Challenges: joins across shards are expensive, resharding is painful, hotspots can occur.

Replication#

Copying data from one database node (primary) to one or more others (replicas).

Synchronous replication — primary waits for replica to confirm before responding. Stronger consistency, higher latency.
Asynchronous replication — primary doesn't wait. Faster, but replica may lag.

Used for fault tolerance, data redundancy, and geographic distribution.

Read Replicas#

A common pattern: write to the primary, read from replicas.


Write Request  -->  Primary DB
Read Request   -->  Replica 1 / Replica 2 / Replica 3

This offloads read traffic from the primary. Works well when your read:write ratio is high (most web apps are read-heavy).

5. Caching Strategies#

Why Caching?#

Databases are slow compared to memory. A query that takes 50ms from disk takes under 1ms from Redis. Caching reduces latency, saves DB resources, and improves throughput.

Use caching for: frequently read, rarely written data — user profiles, product listings, config values.

Cache-Aside (Lazy Loading)#

The most common pattern. Application checks cache first; if miss, fetches from DB and populates cache.


1. App checks cache for key
2. If HIT → return cached value
3. If MISS → query DB
4. Store result in cache with TTL
5. Return result to caller

Good for read-heavy workloads. Cache only stores what's actually requested.

Write-Through#

Every write goes to cache and DB simultaneously.


1. App writes data
2. Cache is updated
3. DB is updated
4. Acknowledge success

Keeps cache always fresh. Downside: writes are slightly slower.

Write-Back (Write-Behind)#

App writes to cache only. Cache asynchronously flushes to DB later.


1. App writes to cache
2. Acknowledge success (fast)
3. Cache flushes to DB asynchronously

Very fast writes. Risk: if cache crashes before flush, data is lost. Use only when you can tolerate brief inconsistency.

Cache Invalidation#

The hardest part. How do you know when to expire a cached value?

TTL (Time To Live) — set an expiry time. Simple and effective for most cases.
Event-driven invalidation — when underlying data changes, explicitly delete or update the cache key.
Write-through — keeps cache current by design.

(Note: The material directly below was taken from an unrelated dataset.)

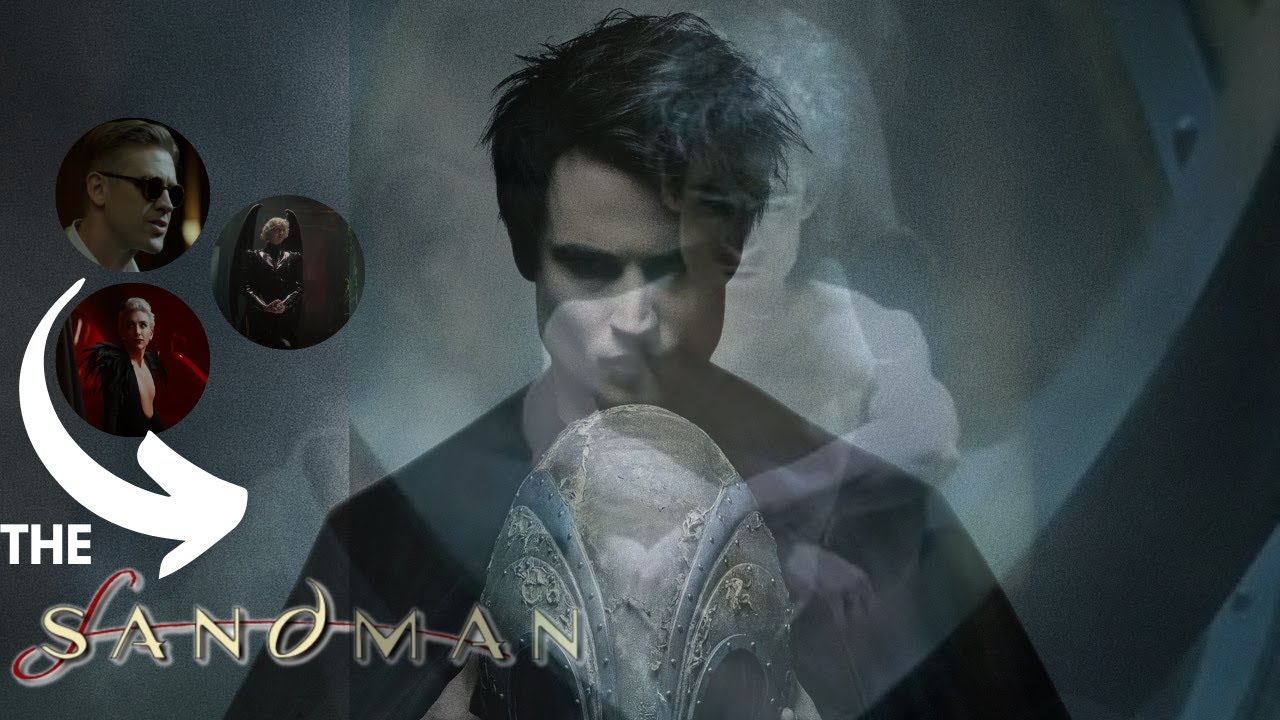 Why am I suggesting you this web series The Sandman? | The Sandman Web Series Review | Serihut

"There are only two hard things in computer science: cache invalidation and naming things." — Phil Karlton

6. Load Balancing#

Load balancer distributing traffic to multiple servers

L4 vs L7 Load Balancing#

	Layer 4 (Transport)	Layer 7 (Application)
Operates on	TCP/UDP packets	HTTP/HTTPS content
Routing basis	IP, port	URL, headers, cookies
Speed	Faster (less inspection)	Slightly slower
Features	Basic routing	URL routing, SSL termination, auth
Example	AWS NLB	AWS ALB, Nginx

Use L7 when you need smart routing (e.g., /api/* to one server pool, /static/* to another).

Load Balancing Algorithms#

Round Robin — requests go to servers in rotation. Simple, works when servers are equal.
Weighted Round Robin — servers with more capacity get proportionally more requests.
Least Connections — next request goes to the server with fewest active connections. Good for long-lived connections.
IP Hash / Sticky Sessions — same client always goes to same server. Useful for stateful apps.
Random — randomly pick a server. Surprisingly effective at scale.

Health Checks#

Load balancers regularly ping servers to check if they're alive.

Active health checks — LB sends HTTP request to /health every N seconds
Passive health checks — LB monitors real traffic; marks server unhealthy after N consecutive failures

A dead server gets removed from rotation automatically. When it recovers, it gets added back.

7. API Design Basics#

REST Principles#

REST (Representational State Transfer) is an architectural style, not a protocol. The six principles:

Stateless — no client session stored on server
Client-Server — clear separation of concerns
Uniform Interface — consistent, predictable URLs and methods
Cacheable — responses can be cached
Layered System — client doesn't know if it's hitting server directly or via proxy
Code on Demand (optional) — server can send executable code


GET    /users/123       → fetch user
POST   /users           → create user
PUT    /users/123       → replace user
PATCH  /users/123       → partial update
DELETE /users/123       → delete user

Idempotency#

An operation is idempotent if calling it multiple times produces the same result as calling it once.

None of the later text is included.